Sunday, December 13, 2009

Honors- Breast Cancer Article

link to the article!


My honors article for this week is about how gene expression variations is a role in susceptibility to disease, and particularly breast cancer. People heterozygous to certain alleles could be used as a new way to look at susceptibility to breast cancer. For this research experiment they looked at the different allelic expression of 12 different genes that are possibly related to breast cancer susceptibility in both breast tissue and in fresh blood. The results were that most of the allele expressions were comparable between breast tissue and blood.
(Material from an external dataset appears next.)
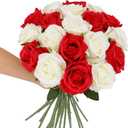 Tifuly Roses Artificial Flowers - 12 pcs Realistic Long Stem Fake Roses Mashup Style Silk Roses for DIY Bouquets Wedding Centerpieces Arrangements Home Party Decor White & Red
The results point to the use of allelic expression in blood as a replacement for breast tissue.

It was very interesting to read about this topic for my article since this is what we have been learning about in biology class. Everything in this paper really clicked and the results made sense. I think this article is relevant to breast cancer research because the article mentioned how hard it was to get live breast tissue to sample. Fresh blood would be a lot easier to obtain and maybe will be used to look at peoples genetic risk in more detail. While we still work on finding a cure, knowing your genetic risk could be beneficial to patients and doctors to make sure that if cancer does appear, it could be eliminated even sooner. These alleles could even be used to figure out how breast cancer is caused and even lead to a cure.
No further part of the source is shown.